Giuseppe Vari (9 March 1924 - 1 October 1993) was an Italian film director, editor and screenwriter.

== Life and career==
Born in Segni, Rome, Vari started his career as an editor of films and documentaries, collaborating among others with Federico Fellini, Damiano Damiani and Giorgio Simonelli. In 1953 he made his directorial debut with Infame accusa, then specialized in melodramatic films.

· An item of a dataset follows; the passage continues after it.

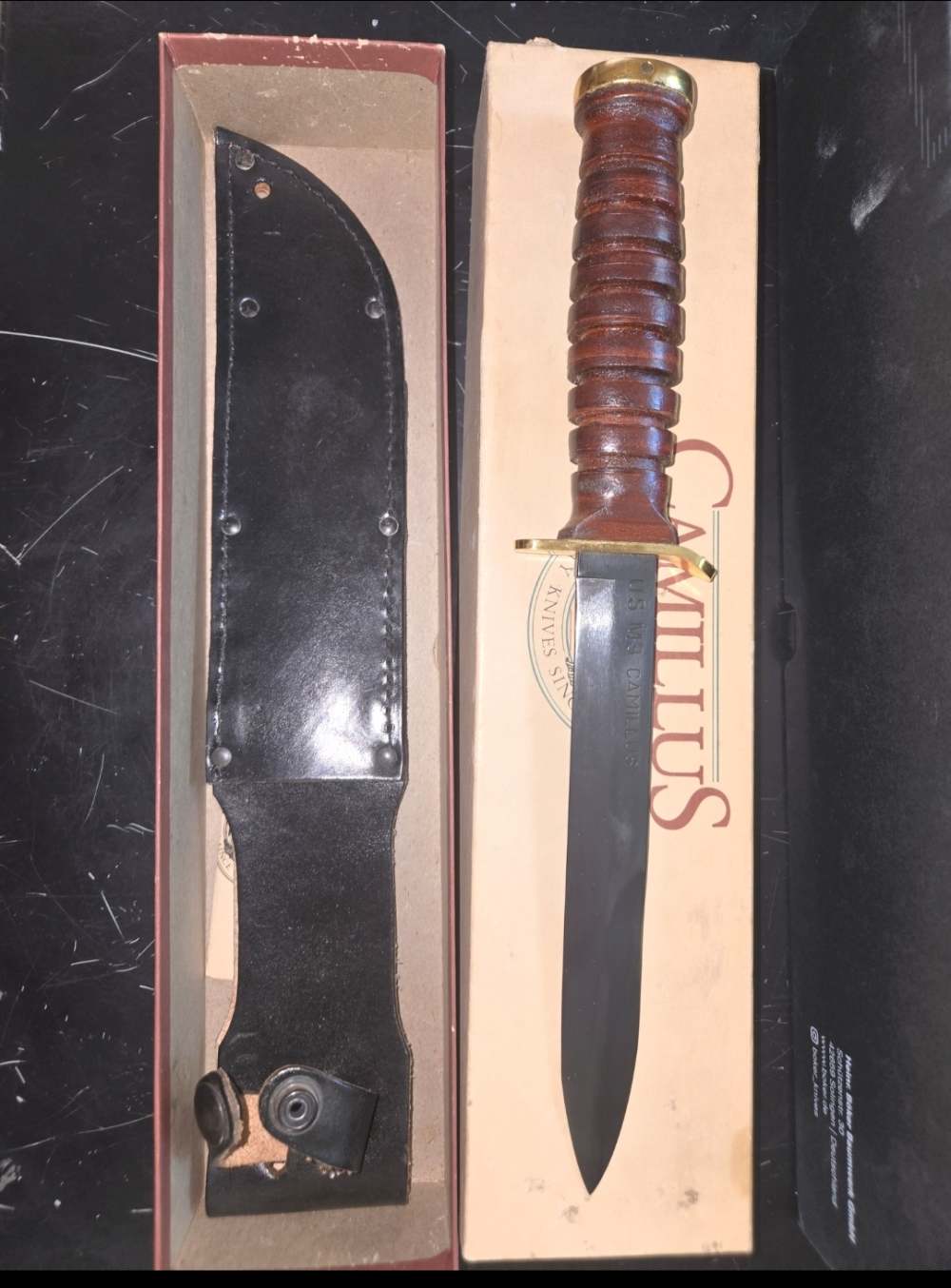 Camillus m3 knife us army 50th anniversary ww2 made 1991 gold flaming bomb -img-1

From the early sixties he focused on genre films, especially Spaghetti Westerns, sometimes being credited as Joseph Warren.

== Filmography ==

=== Director ===
- Infame accusa, (also screenwriter, 1953)
- Due lacrime, (1954)
- Mamma, perdonami!, (1954)
- Vendicata!, (1955)
- Addio sogni di gloria, (also screenwriter, 1955)
- Il ricatto di un padre, (also screenwriter, 1957)
- Giovane canaglia, (also screenwriter, 1958)
- Spavaldi e innamorati, (1959)
- Revenge of the Barbarians, (1960)
- Attack of the Normans, (1962)
- Canzoni in... bikini, (1963)
- Rome Against Rome, (1964)
- Degueyo, (also screenwriter, 1966) - under the name of Joseph Warren
- Poker with Pistols, (1967) - under the name of Joseph Warren
- Death Rides Along, (1967) - under the name of Joseph Warren
- The Last Killer, (also editor, 1967) - under the name of Joseph Warren
- A Hole in the Forehead, (also editor, 1968) - under the name of Joseph Warren
- Un posto all'inferno, (also editor, 1969) - under the name of Joseph Warren
- Shoot the Living and Pray for the Dead, (also editor, 1971) - under the name of Joseph Warren
- The Last Traitor, (also screenwriter, 1971) - under the name of Joseph Warren
- Who Killed the Prosecutor and Why?, (1972) - under the name of Joseph Warren
- The Ribald Decameron, (1972) - under the name of Walter Pisani
- Lady Dynamite (1973) - under the name of Al Pisani
- Metti... che ti rompo il muso, (1973)
- Legend of the Sea Wolf, (1975) - under the name of Joseph Green
- Sister Emanuelle, (also editor, 1977) - under the name of Joseph Warren
- Return of the 38 Gang, (also screenwriter and editor, 1977)
- Urban Warriors, (1987) - under the name of Joseph Warren

=== Screenwriter ===
- The Attic, directed by Gianni Puccini (1962)

=== Film Editor ===
- Il vento mi ha cantato una canzone, directed by Camillo Mastrocinque (1947)
- Accidenti alla guerra!..., directed by Giorgio Simonelli (1948)
- Love and Poison, directed by Giorgio Simonelli (1949)
- The Transporter, directed by Giorgio Simonelli (1950)
- The Seven Dwarfs to the Rescue, directed by Paolo W. Tamburella (1951)
- La peccatrice dell'isola, directed by Sergio Corbucci (1952)
- Il Bidone, directed by Federico Fellini (1955)
- The Reunion, directed by Damiano Damiani (1963)
- Quella dannata pattuglia, directed by Roberto Bianchi Montero (1969)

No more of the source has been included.